* [Activity]: Restate word for word the section of the entries that opens at the line containing "Vtg David - Andersen" and closes at the line containing "2 piezas de", both lines kept, pictures dropped.

:: Supplied records ::

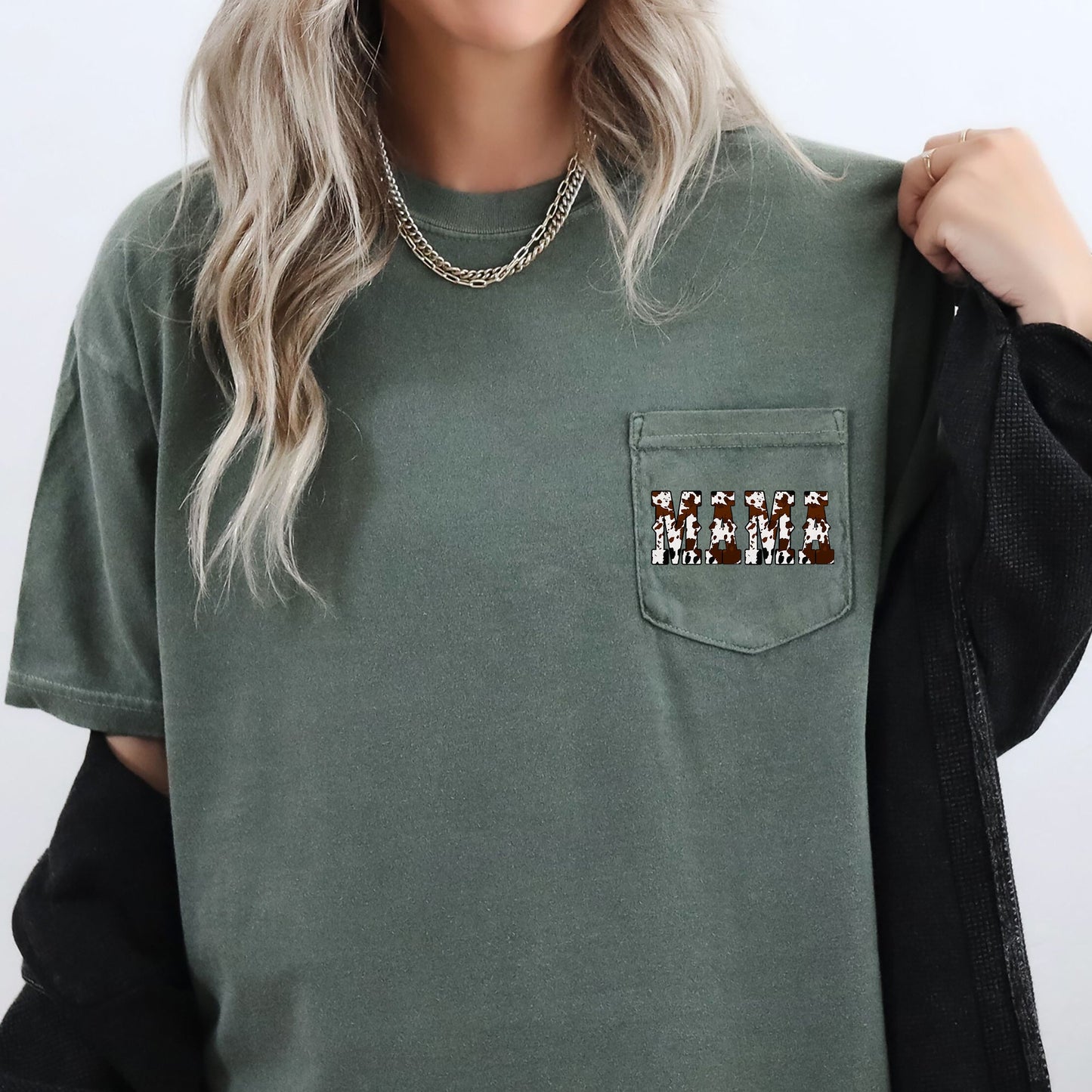 Mama, Cow Print, Western, Country, Cowboy, Pocket Tee Comfort Colors T-Shirt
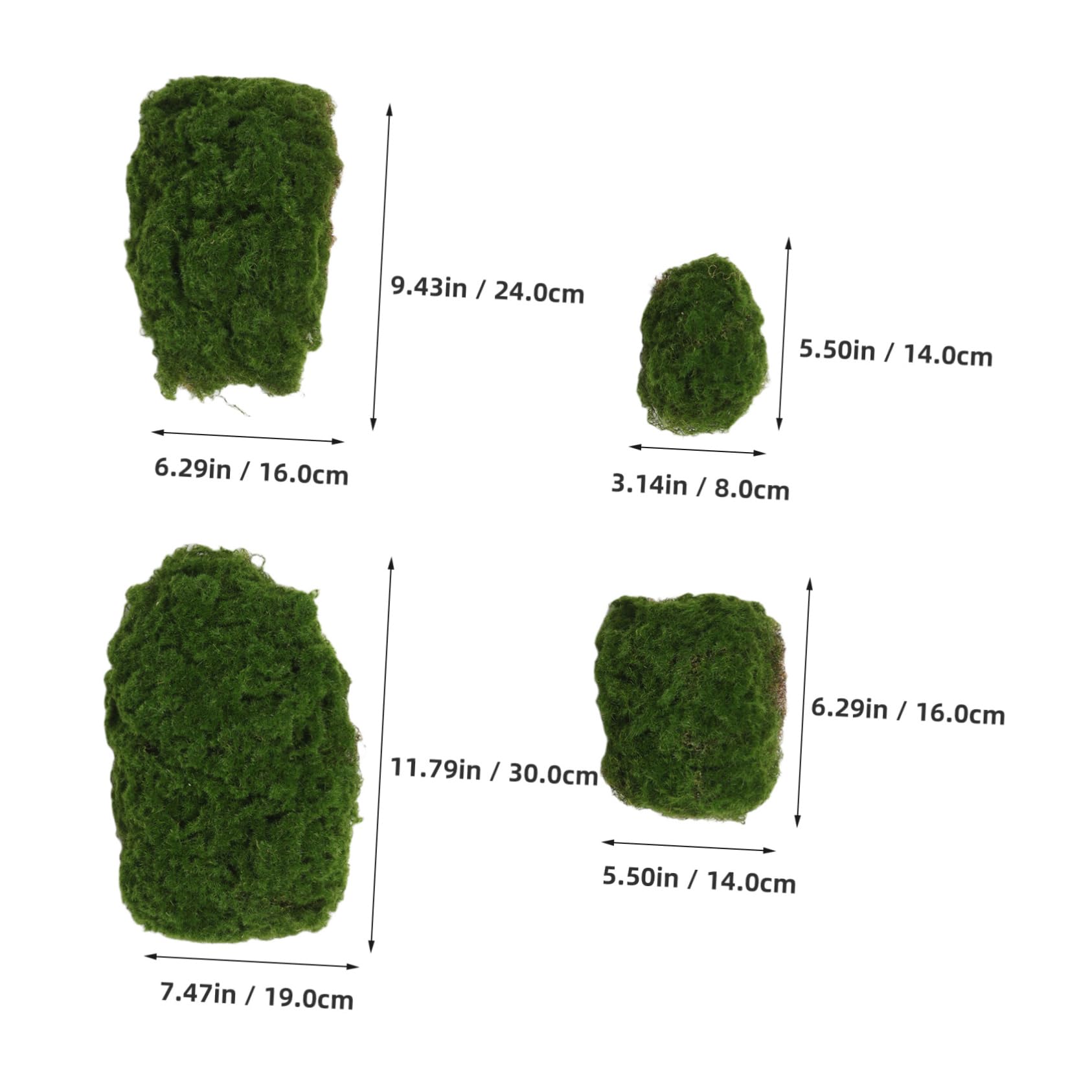 GOOHOCHY Artificial Moss Stones for Home Wedding Decorations 4pcs Decorative Faux Moss for Planters Greenery Decor Artificial Grass Plants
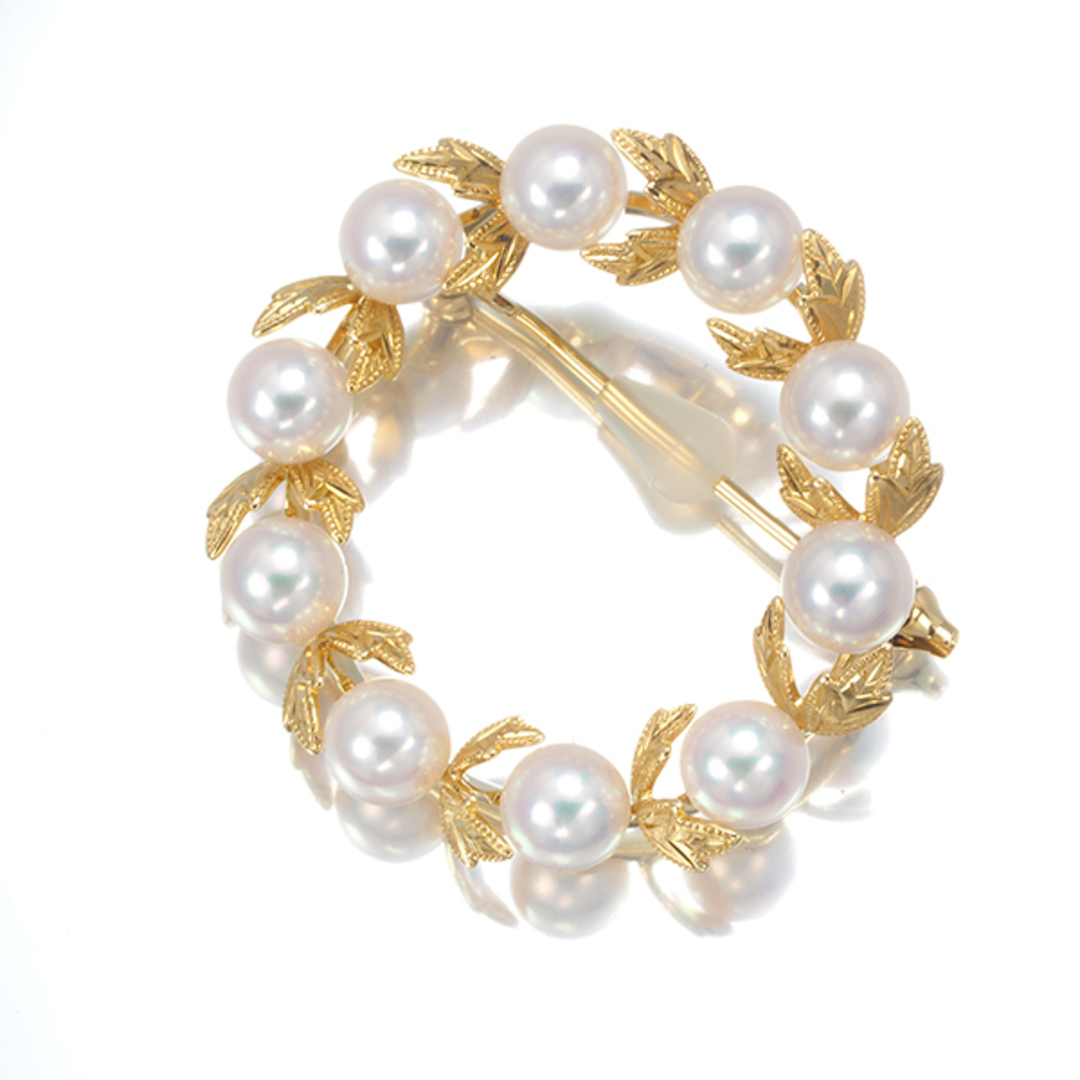 MIKIMOTO - ミキモト ブローチ パール 真珠 5.8mm リーフ リース MIKIMOTO - ミキモト ブローチ パール 真珠 5.8mm リーフ リース
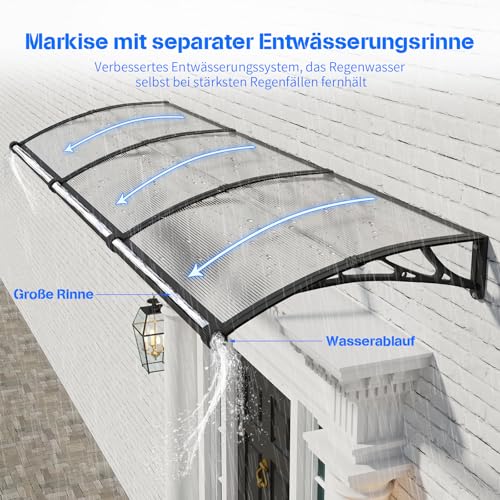 Vordach für Haustür,300x80cm Fenstervordach mit separater Entwässerung, Polycarbonat Pultvordach Überdachung für UV-, Regen- und Schneeschutz – Ideal für Veranda, Terrasse und Fenster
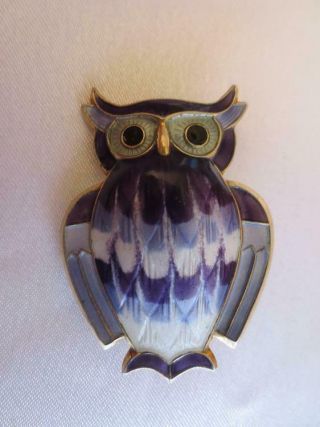 Vtg David - Andersen 925s Sterling Gold Vermeil/purple Enamel Owl Brooch 14 - 501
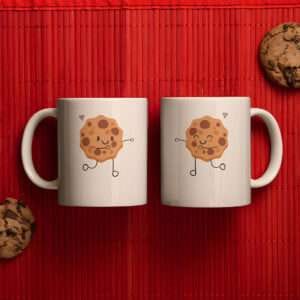 Adorable Cookie Couple Mug Set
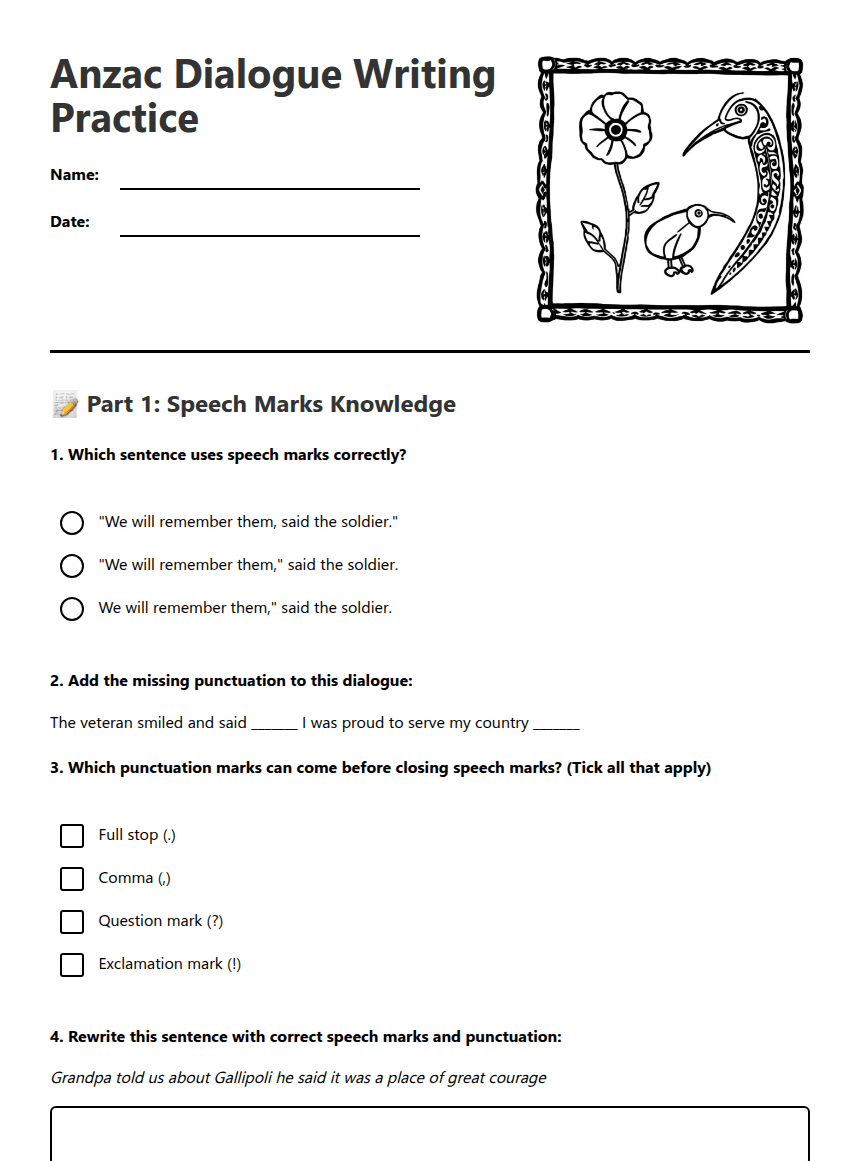 Anzac Dialogue Writing Practice worksheet preview
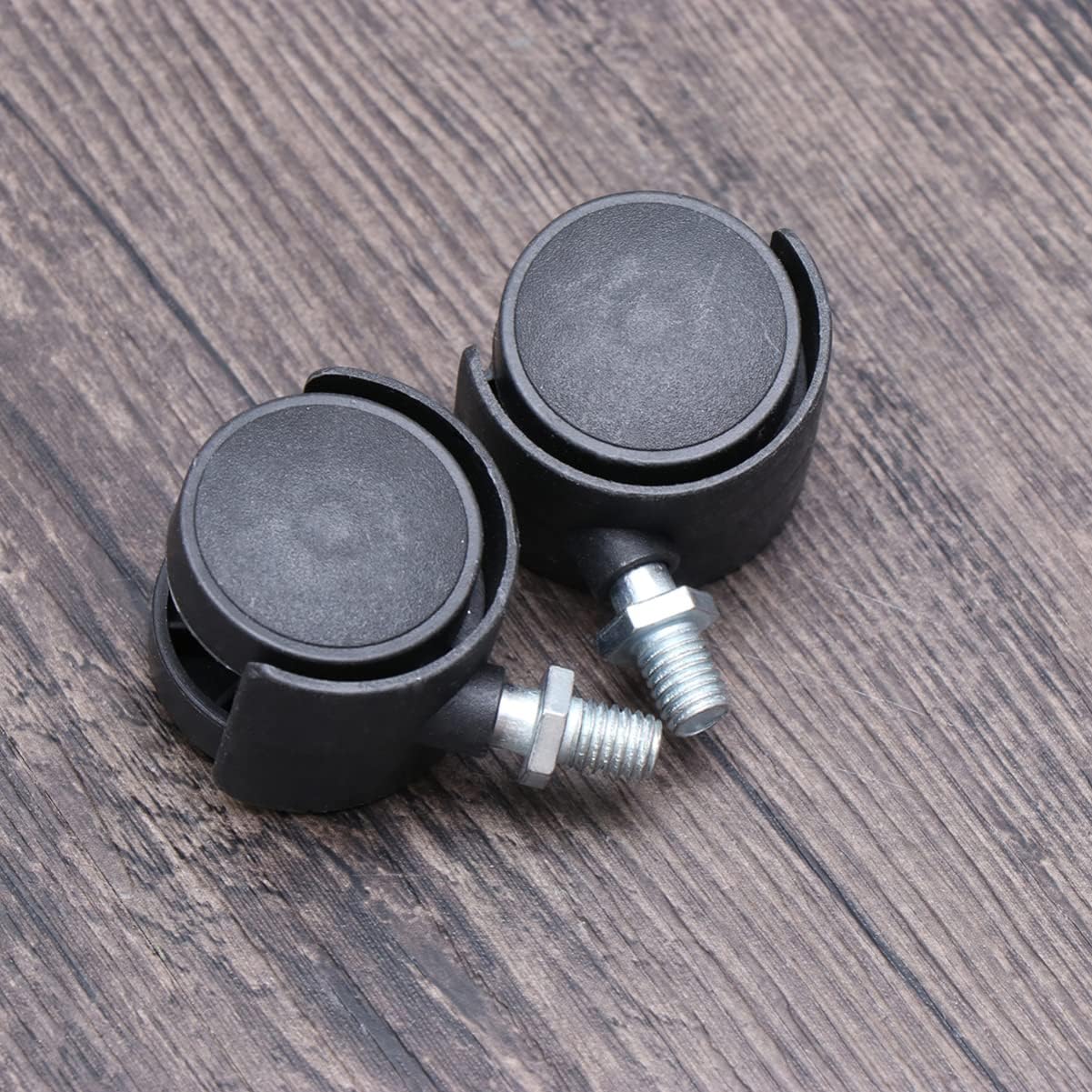2 piezas de rueda giratoria universal de base cuadrada rueda delantera rueda de repuesto para muebles cochecito (negro)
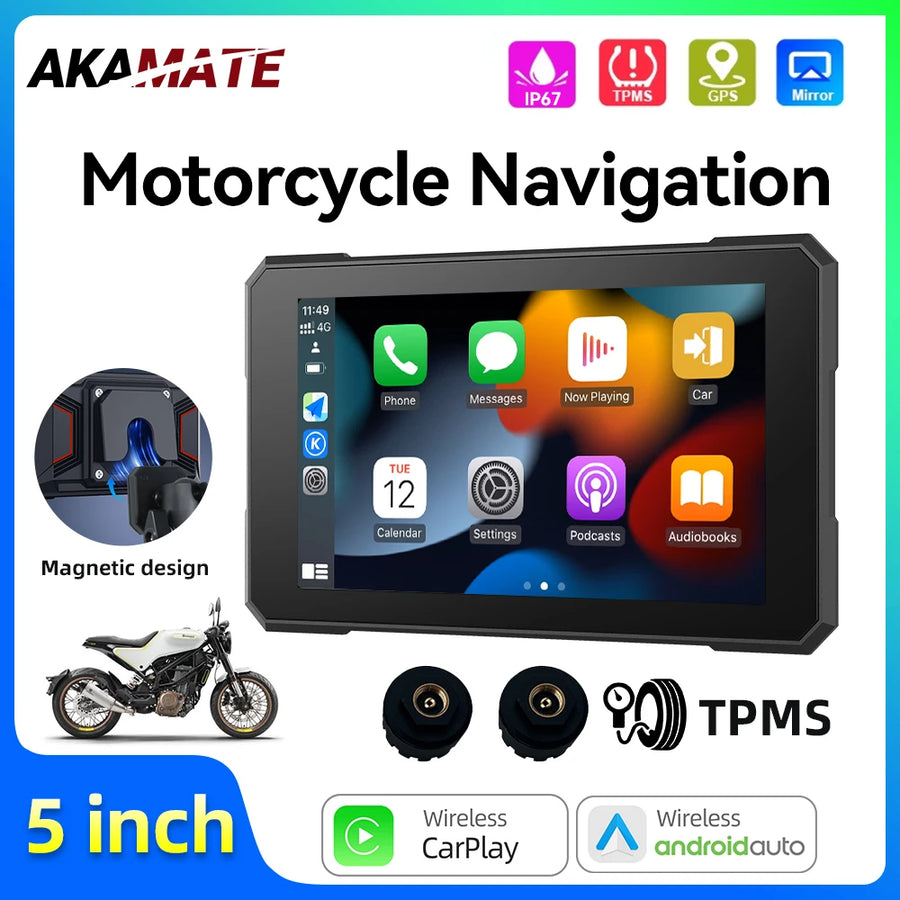5Inch Wireless CarPlay GPS Navigator for Motorcycles CarPlay Adapter AKAMATE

:::

* [Response for this exercise]:
 Vtg David - Andersen 925s Sterling Gold Vermeil/purple Enamel Owl Brooch 14 - 501
 Adorable Cookie Couple Mug Set
 Anzac Dialogue Writing Practice worksheet preview
2 piezas de rueda giratoria universal de base cuadrada rueda delantera rueda de repuesto para muebles cochecito (negro)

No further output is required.